He earns his passage across the ocean by working as the cook on an ocean tramper. Upon arriving in California, he quickly learns how to drive in the USA, buys a car, fashions a rig for his bike and sets out for Nevada. Along the way, he encounters several kindly folks who help him on his journey including a Native American (Saginaw Grant) who gives him "crushed dog testicles" to relieve his prostate troubles and an older ranch woman named Ada (Diane Ladd) who helps him repair his car.

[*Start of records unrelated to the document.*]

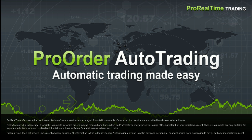I'm going to show you how to use ProOrder, the automatic trading module of ProRealTime. It can be used either for simulated trading or real trading.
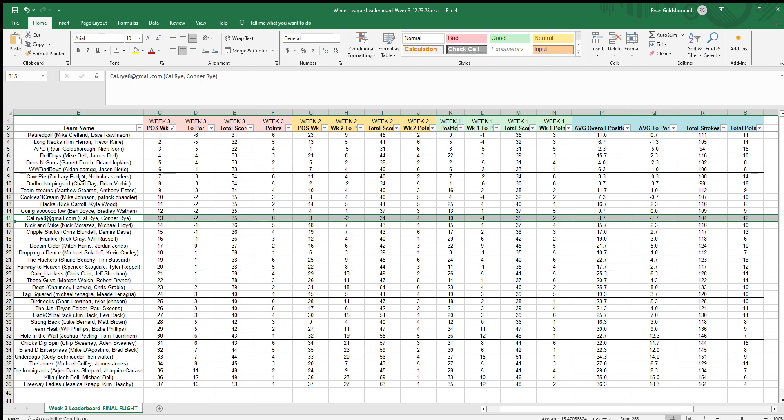Hey there winter league members, I just want to do a quick video to show you guys some of the behind-the-scenes numbers, how we got the divisions, and how we set it all up.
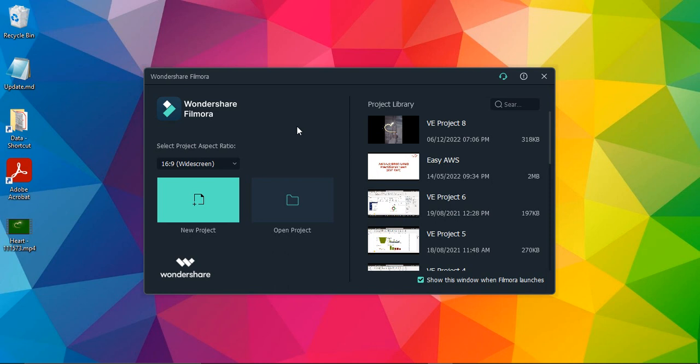...that is a video that covers the whole of your computer screen. So as soon as you open your Wondershare Filmora, this is the welcome screen that you will be getting. Here you can see there is an option that says 'Select Project Aspect Ratio.'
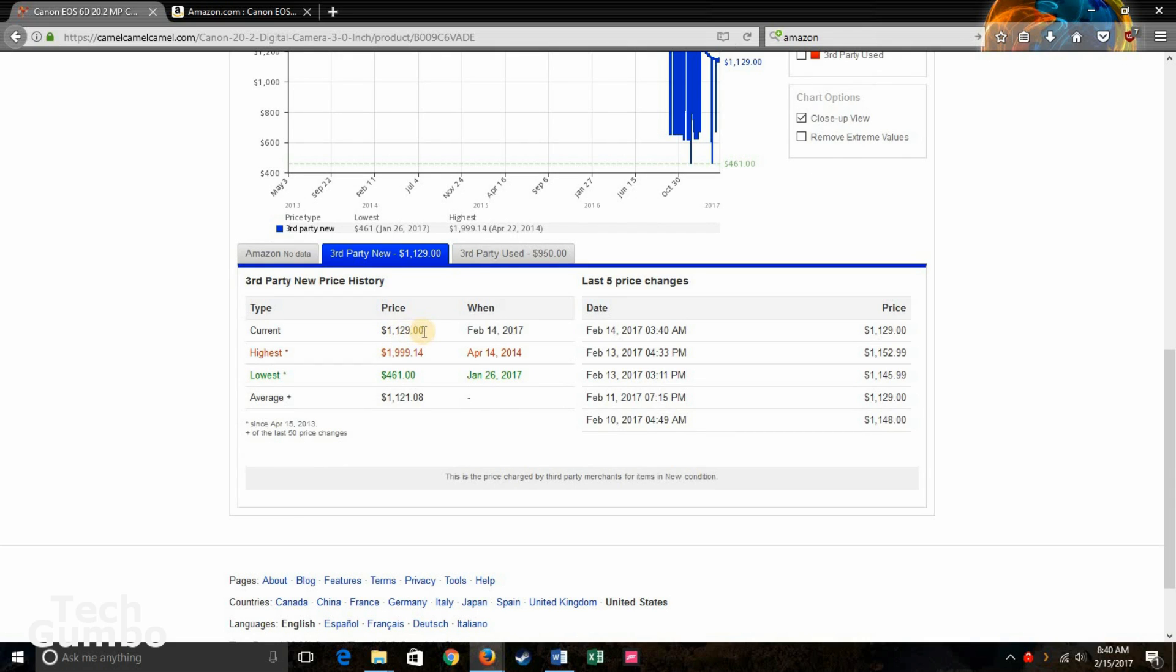Currently, it shows you it's retailing for $1,129. The highest it's ever been was near $2,000. And the lowest was $461. So this is a good site to check out if you want to make sure that you're getting the best deal on Amazon.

When he arrives at the Speed Week event, Munro is disheartened to find that he didn't pre-register and therefore can't compete, but so many competitors and fans, lead by driver Jim Enz (Christopher Lawford, who looks eerily like his father), are taken by this old man's determination that they arrange for him to have a chance.

Favorite quote: "You live more in five minutes on a bike like this going flat out than some people live in a lifetime."

Even if you're not a fan of speed or motorciccles, this is a feel good human interest story that is definitely worth the watch. Sir Anthony Hopkins has said this has been his very favorite role to play in all his years of acting.


Rated PG-13 for brief language, drug use and a sexual reference.

My personal rating: B

12/06/2007

Superbad (2007)


Bad Boys
Bad Boys
Superbad

Once invited to a graduation party, virginal nerds Seth (Jonah Hill) and Evan (Michael Cera) -- BFF -- decide to break all the rules by taking booze to a party and scoring with the girls of their dreams.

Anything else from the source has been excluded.